Odoardo Somigli (La Spezia, 12 August 1892 - Rome, 24 February 1967) was an Italian admiral during the interwar period and World War II. He was Deputy Chief of Staff of the Royal Italian Navy (and de facto head of Supermarina) from August 1939 to December 1940.

==Biography==

He was born in La Spezia on 12 August 1892 and entered the Naval Academy of Livorno in 1909, graduating in 1912 with the rank of ensign. During the First World War he initially served on the armored cruiser Pisa with the rank of sub-lieutenant; in 1916 he was promoted to lieutenant and assigned on the submarine H 5 as executive officer, subsequently assuming its command and participating, after the Armistice of Villa Giusti, in the occupation of Umago. After the war, between 1922 and 1924 he commanded the submarine X 3; in 1924 he was promoted to corvette captain and in 1928-1929 he commanded the destroyer Quintino Sella, after which he was promoted to frigate captain in 1930.

From 1929 to 1932 he served at the Naval Academy of Livorno, while in October 1932 he was executive officer of the royal yacht Savoia during Victor Emmanuel III's voyage to Eritrea. He subsequently commanded the "Folgore" Destroyer Squadron and in 1935 he was promoted to captain; in the following years he quickly climbed the hierarchies of the Regia Marina, becoming Counter Admiral as early as 1936 (thanks to an ad personam law that allowed him to skip the planned period of naval command, and which was abrogated immediately afterwards), divisional admiral in 1938 and squadron admiral in 1939, holding the position of chief of staff of the Minister of the Navy from 1935 to 1938 and then commanding the 7th Naval Division in 1938-1939 during a cruise in South America. In August 1939 he was appointed Deputy Chief of Staff of the Navy, a position he held until December 1940, when he was replaced by Inigo Campioni. In this position, Somigli effectively exercised command of Supermarina in the first six months of the war, marked by the battles of Punta Stilo and of Cape Spartivento.

From the end of 1940 to April 1943 he commanded the Naval Department of Taranto, and from April to September 1943 he held the command of the naval forces responsible for the protection of convoys (Comando Forze Navali Protezione Traffico), with headquarters in Rome.

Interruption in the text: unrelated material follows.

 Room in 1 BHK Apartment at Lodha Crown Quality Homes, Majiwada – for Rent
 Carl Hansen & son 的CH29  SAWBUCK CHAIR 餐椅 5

On 7 September 1943 he participated in a meeting held at the headquarters of the Royal Italian Navy, in the presence of the Chief of Staff Raffaele de Courten, in which he was informed that preparations were to be made for the possibility of hostilities with the German forces in the near future. Together with him, Deputy Chief of Staff Luigi Sansonetti, adjunct Deputy Chief of Staff Carlo Emanuele Giartosio, Secretary-General of Navy Emilio Ferreri, Chief of the Operations Office Massimo Girosi, and Admirals Carlo Bergamini, Alberto Da Zara, Bruto Brivonesi, Antonio Legnani, Giotto Maraghini, Ferdinando Casardi and Emilio Brenta also attended the meeting. After the proclamation of the armistice, Somigli remained in German-controlled territory, without collaborating with them or joining the Italian Social Republic; he returned to territory under the control of the pro-Allied royalist government after the liberation of Rome, and was subjected to a purge for his past proximity to the Fascist regime, which had helped him in his fast career track, being forcibly discharged from active service in January 1945. This sentence was however revoked in December 1947 after Somigli appealed the decision.

From 1949 to 1956 he was president of the Center for High Military Studies. He died in Rome in 1967.